Transition-Regression Tag

Emmet Hikory persia at ubuntu.com
Tue Jun 2 04:45:55 UTC 2009


Kurt Wall wrote:
> On 06/01/2009 06:44:48 PM, Brian Curtis wrote:
>> Hi all,
>>
>> Upon discussions with mrooney about potential regressions due to
>> programs (like empathy and banshee) being transitioned to default.
>> There is a new tag, which is also listed in
>> https://wiki.ubuntu.com/Bugs/Tags called "transition-regression" that
>> is meant to mark bugs that may need to be addressed so users can make
>> an easy transition from one default to another.
> 
> Hm. Is it actually a regression if things break because the default
> application changed?
> 
> Why is it useful to note that this bug is a plain vanilla regression
> while that bug is associated with changing a default application?

    The trick is that it's not a regression in the application.  The bug
may even only be a minor issue for the package against which it is
filed.  However, that bug does represent a regression in the behaviour
of the default Ubuntu Desktop.  Arguably such bugs could be filed
against Ubuntu or against ubuntu-desktop, but they don't really
represent bugs in those packages, so much as differences in behaviour
related to the change in the default application.

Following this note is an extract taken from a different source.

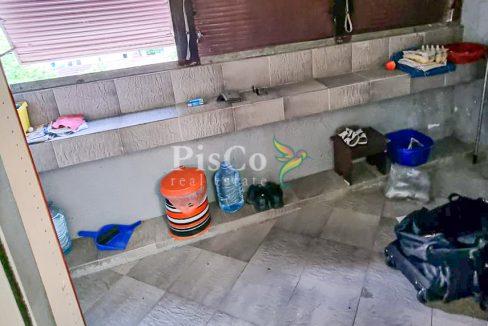 Izdavanje dvosoban stan Zabjelo, 68m2, Podgorica-175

    A few potential examples:

A) There could be a bug that upgrading from Jaunty to Karmic and running
the default music player forgets the previous library location and
metadata (e.g. ratings).  This could be resolved by better documentation
and the provision of a migration tool, and may not actually require any
changes in Banshee at all.

B) There could be a change in the way that the selected application
interacts with external peripherals (e.g. a Creative Zen).  If this
change would make something that previously worked by default not work
by default, it's worth prioritising that fix over another bug that might
not be so apparent to users who switch to the new application.

C)  There could be a change to the UI that made some option less
discoverable.  This probably needs more documentation, might need UI
tweaking and may benefit from a release note.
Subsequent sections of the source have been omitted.